▸ WORK TASK
After locating the line that contains "Sensor, insugslufttemperatur Made" in the data below, set down exactly that line and each one after it through the line that contains "The Walkshop showcases", and nothing more.

▸ Stored items

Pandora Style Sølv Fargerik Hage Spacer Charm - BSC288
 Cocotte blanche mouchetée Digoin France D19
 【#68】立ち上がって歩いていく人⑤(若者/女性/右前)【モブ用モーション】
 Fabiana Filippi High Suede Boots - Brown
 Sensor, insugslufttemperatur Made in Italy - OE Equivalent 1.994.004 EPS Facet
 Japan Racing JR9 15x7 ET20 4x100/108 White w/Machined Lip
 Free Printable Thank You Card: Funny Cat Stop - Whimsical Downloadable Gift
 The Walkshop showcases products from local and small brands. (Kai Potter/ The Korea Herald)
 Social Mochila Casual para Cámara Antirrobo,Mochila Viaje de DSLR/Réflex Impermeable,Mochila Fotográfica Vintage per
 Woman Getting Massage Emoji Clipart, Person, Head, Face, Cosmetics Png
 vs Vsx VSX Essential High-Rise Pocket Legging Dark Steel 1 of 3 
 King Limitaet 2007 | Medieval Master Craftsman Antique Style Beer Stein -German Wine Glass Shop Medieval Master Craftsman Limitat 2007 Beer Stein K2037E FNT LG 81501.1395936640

▸ SOLUTION TO THIS EXERCISE
 Sensor, insugslufttemperatur Made in Italy - OE Equivalent 1.994.004 EPS Facet
 Japan Racing JR9 15x7 ET20 4x100/108 White w/Machined Lip
 Free Printable Thank You Card: Funny Cat Stop - Whimsical Downloadable Gift
 The Walkshop showcases products from local and small brands. (Kai Potter/ The Korea Herald)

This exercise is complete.